Seems you depend on text >= 2.0 which comes with the new simd code.

One "easy" way to check if it's text should be to disabled simd for text in a build using the simdutf cabal flag and see if the error still persis.

jgm commented 12 months ago

OK, I think I've built a version using the release build script with a constraint that forces text to use -simdutf. @freijon could you try downloading the build artifact from here and see if you still get the error on your system? https://cirrus-ci.com/task/4511237447352320

freijon commented 12 months ago

I gave it a try, but unfortunately I still get the same error. I also tried --version and noticed that pandoc outputs some text and then fails:

/tmp/pandoc/pandoc-3.1.5/bin/pandoc --version --verbose

pandoc 3.1.5 Features: +server +lua [1] 3102 illegal hardware instruction /tmp/pandoc/pandoc-3.1.5/bin/pandoc --version --verbose

Thank you for your patience and your efforts so far, I appreciate it!

jgm commented 12 months ago

OK, that is helpful information. It suggests that the culprit is not +simdutf in text. @AndreasPK any other ideas?

jgm commented 11 months ago

Actually I think this is a good clue, that --version emits those lines then stops.

versionInfo :: IO ()        
versionInfo = do           
  progname <- getProgName
  defaultDatadir <- defaultUserDataDir
  scriptingEngine <- getEngine            
  putStr $ unlines                          
   [ progname ++ " " ++ showVersion pandocVersion ++ versionSuffix
   , flagSettings                
   , "Scripting engine: " ++ T.unpack (engineName scriptingEngine)
   , "User data directory: " ++ defaultDatadir
   , copyrightMessage
   ]                                      
  exitSuccess

That suggests that the error occurs in the "Scripting engine" part (so, getEngine). That may implicate the Lua subsystem, which obviously has pieces in C. Maybe the C is being compiled with these optimizations; we just need to figure out how to turn that off.

To test this hypothesis I'll try making a build without lua support, which you can try.

jgm commented 11 months ago

OK, the following build disables both the server and the lua flags (as well as simdutf for text): https://cirrus-ci.com/task/4556227045228544

@freijon It will be interesting to see if the problem can be reproduced with this binary.

freijon commented 11 months ago

Thanks!

pandoc --version now works!
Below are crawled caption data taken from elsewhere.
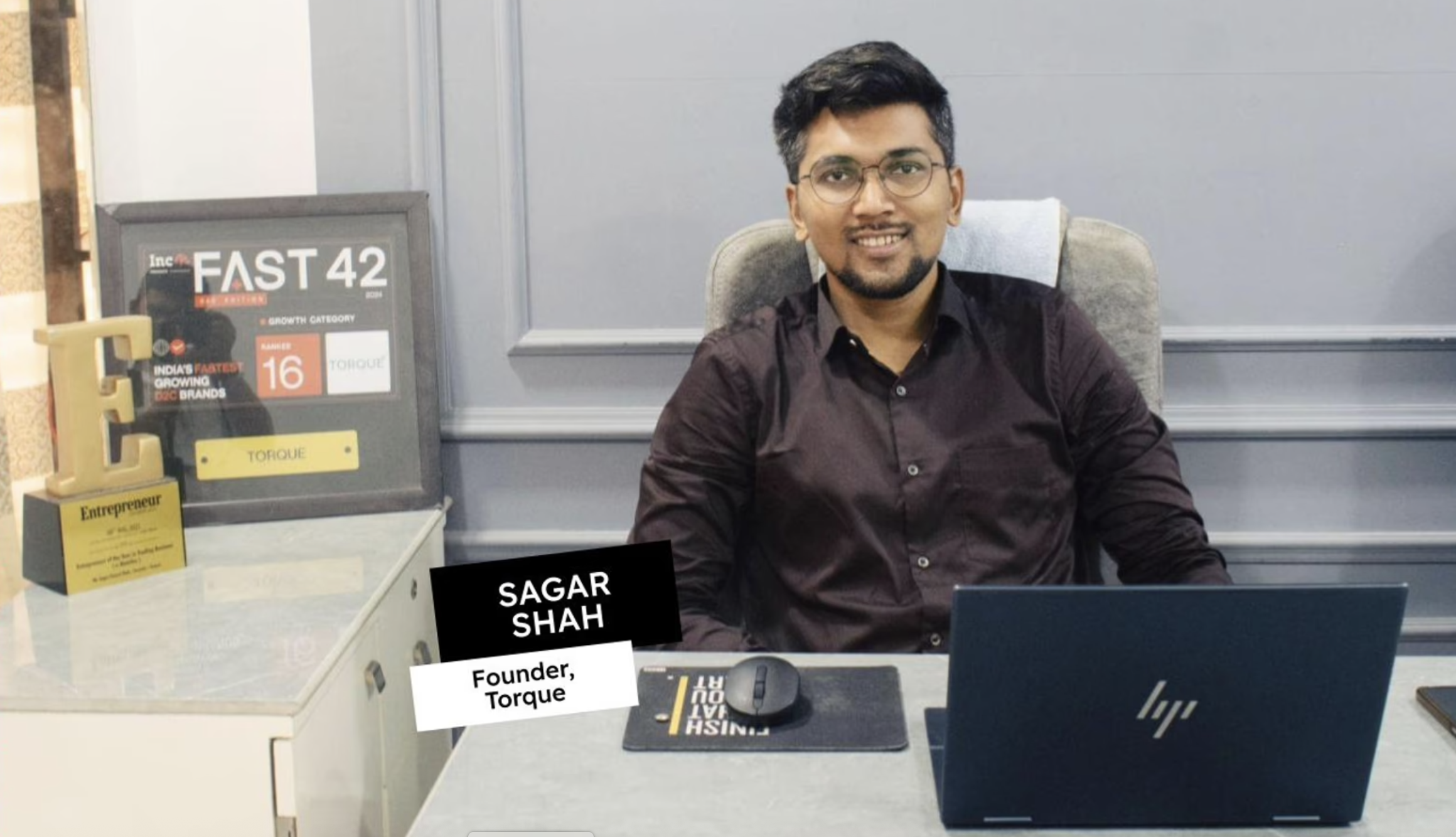 Torque, India, Furniture, AI, Technology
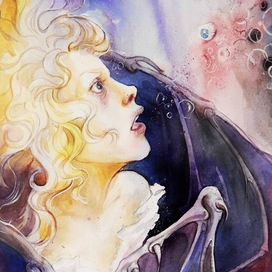 В темный омут с головой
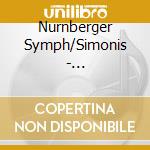Nurnberger Symph/Simonis - Gung'L:Marches/Waltzes/Polka cd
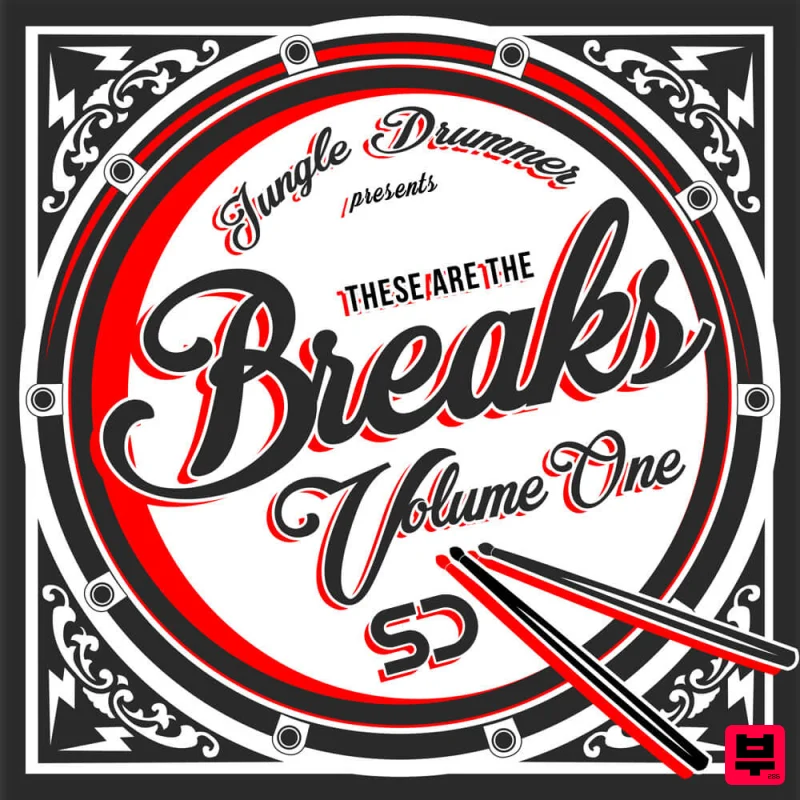 Sample Diggers These Are The Breaks - Pop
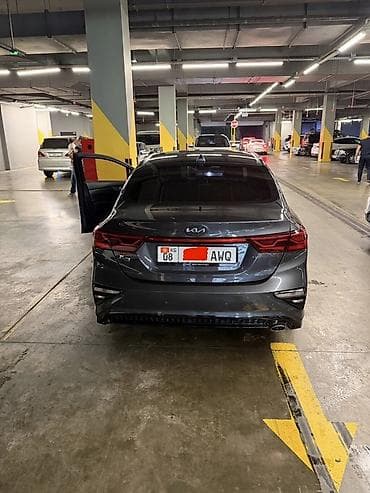 киа к3 2019: Kia K3: 2019 г., 1.6 л, Автомат, Бензин, Седан — 5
I see the complete version info. Some progress! Unfortunately, converting a .md to .html still fails with a SIGILL

jgm commented 11 months ago

Does your .md have YAML metadata? I ask because the yaml library embeds a C library. Do you still get the problem when converting a minimal md file (one word)?

freijon commented 11 months ago

My test-.md indeed had some special things like bullet list and headings. I did another test with only one word inside. Still get a SIGILL

jgm commented 11 months ago

Some notes:

We switched to ghc-musl 9.6.2 on June 26 (3.1.5 was built with this). And to ghc-musl 9.4.5 on April 20 (3.1.3 and 3.1.4 were built with this).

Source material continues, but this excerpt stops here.